Spanish police officer (1909–1968)

Melitón Manzanas González (9 June 1909 – 2 August 1968) was a high-ranking police officer in Francoist Spain, known as a torturer and the first planned victim of ETA.

==Early life and background==
Manzanas was born on 9 June 1909 in San Sebastián. He entered the Cuerpo de Investigación y Vigilancia (later Cuerpo General de Policía) police in 1938 or 1939, in Irun, where he established one of his infamous interrogation centres and collaborated with Nazi Germany — he helped the Gestapo to arrest Jews who were trying to escape from occupied France. He was assigned to San Sebastián in 1941,
In the 1940s, the Spanish republican agent Juan García Herrero (a.k.a T-12) informed that Manzanas worked with Segunda Bis (Spanish military intelligence).
He repressed smugglers, including members of the Comet Line Resistance network.
The Basque Service of Information also informed the American Office of Strategic Services that Manzanas had helped the German occupiers of France, under the Belgian collaborator Georges-Henri Delfanne ("Masuy").
The detail about his activities is limited.

==Death and aftermath==
On 2 August 1968, he was murdered in the first planned killing committed by ETA in response to the killing of Txabi Etxebarrieta. His killers waited for him at his residence and shot him seven times.
The perpetrators were judged at the 1970 Burgos trials.
The lawyer Gisèle Halimi published the bookLe Procès de Burgos (1971), prefaced by Jean-Paul Sartre.
The book, with input from ETA member José Antonio Etxebarrieta, asserted that Manzanas had helped the Gestapo hunting Spanish republicans in southern France.

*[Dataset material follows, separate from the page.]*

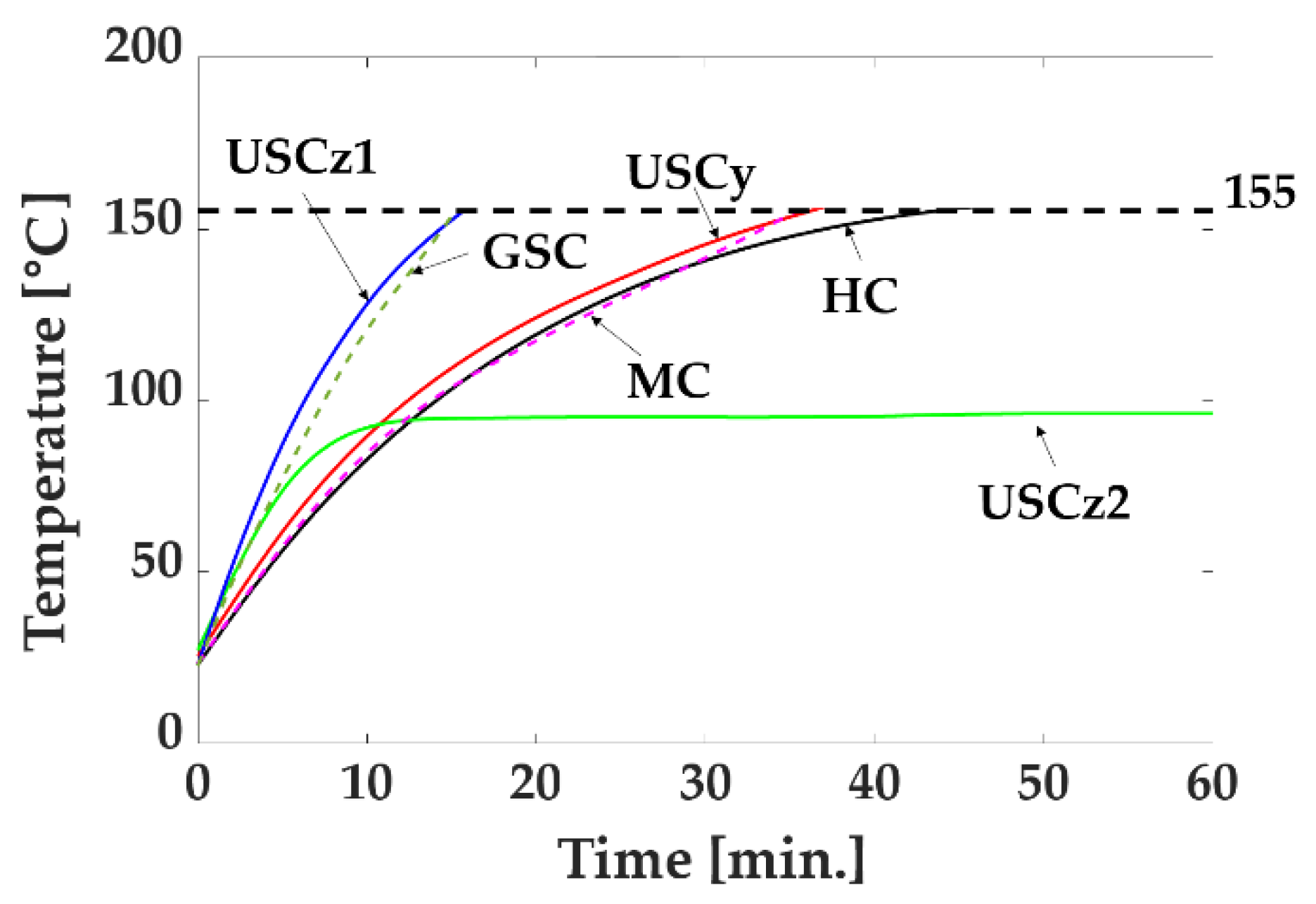 Sensors 22 05603 g008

Thirty years after his death, Manzanas was awarded the Medal of Civil Merit dedicated to the victims of terrorism by José María Aznar. Manzanas' service under Franco's regime, the fact that he was known for having used police torture, and the fact that he was not the first torturer rewarded by the Spanish Government raised some controversy about this award.